___ Dataset extract
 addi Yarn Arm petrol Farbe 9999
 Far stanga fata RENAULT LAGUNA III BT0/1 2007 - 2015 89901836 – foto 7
______
___ Dataset extract
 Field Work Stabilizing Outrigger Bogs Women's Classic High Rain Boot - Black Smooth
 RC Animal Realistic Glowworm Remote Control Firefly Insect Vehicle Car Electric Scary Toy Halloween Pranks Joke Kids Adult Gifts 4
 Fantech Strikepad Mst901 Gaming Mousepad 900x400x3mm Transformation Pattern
______
What is being asked –
Please give back exactly the lines of this listing beginning at the line with "addi Yarn Arm petrol Farbe 9999" and ending with the line with "Far stanga fata", both included, and nothing else.

Response area –
 addi Yarn Arm petrol Farbe 9999
 Far stanga fata RENAULT LAGUNA III BT0/1 2007 - 2015 89901836 – foto 7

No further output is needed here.